Me: how about we role-play?
Her: ooh you’ve been a bad boy, go sit on the naughty step for *checks time left on the show she’s watching* 23 minutes.
Shout out to the top 5 markets in the world, stock, super, Boston, flea and this little piggy went to.
Some peanut butter M&M’s just rolled under the fridge, and now I understand every sad love song ever written.
ME: What would you like to name your new cat?
KID: Dog.
ME: But it’s a cat.
KID: That’s the cat’s problem.
My blow up doll has started wheezing and she’s loosing weight rapidly. Getting very concerned.
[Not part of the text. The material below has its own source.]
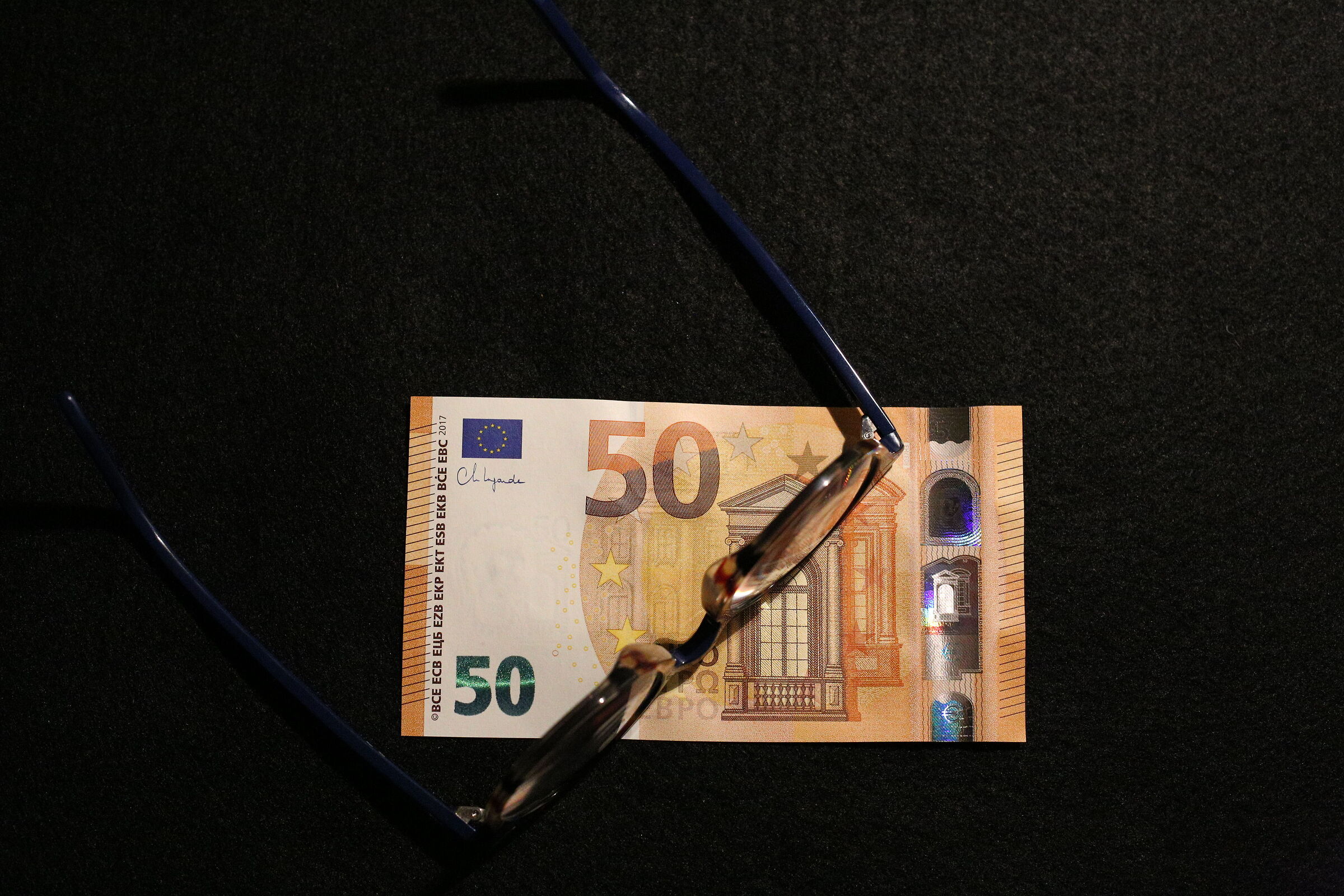 " ISO 12 Mila 800 " - Milvus Zeiss 50, 1.4 Canon  ...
God gives everyone a hot cousin to test us.
[God creating burps]
Ok, that’s gross, can we make it come out the other end?
Angel: yes sir
O-M-G! Hahaha! Do it again! Hahahaha! Dead!
[checking bag at the airport]: yes, that is indeed a bag
I thought my Monday couldn’t get any worse but then Linda from HR said I can’t *make* people in the office call me Stingray.
ME [licks finger to turn page of the book I’m reading]
WIFE: You’re ruining that Kindle
Perfume is designed to be an invisible accessory.
It’s not designed to instantly kill the canary when you entered the room.
[waking up in an amniotic pod realizing I am a human battery powering the Machines]:
lol this is so Capricorn.
Twitter is a good place to meet men. The odds are good but the goods are odd.
Welcome to your 40s you now spend your Saturday evenings looking for new solitaire games to download
I once beat boxed for over 6 hours trying to impress a girl before finding out she was deaf.
Those who ignore history are doomed to repeat it…
…anyway, my son is taking history again this fall.
I confused girdle and wordle, and now I can’t spell for crap but my waistline looks fabulous
The Sound of Music taught me if you don’t like your country’s regime, you & your family can safely escape through various musical numbers.
When my wife asks me to do that one thing in the bedroom that she really likes, she’s talking about vacuuming.
This morning when I woke my daughter for school she said I don’t like how you wake me with a soft voice so tomorrow I’m waking her with a kazoo.
I just remembered the time I went on a first date to London Zoo and at the gate he asked if I would mind paying for my own ticket, which I said I would, at which point he pulled out a 2-for-1 voucher, so I paid for my ticket and he went in for free.
Asking every new person I meet if they’re cake.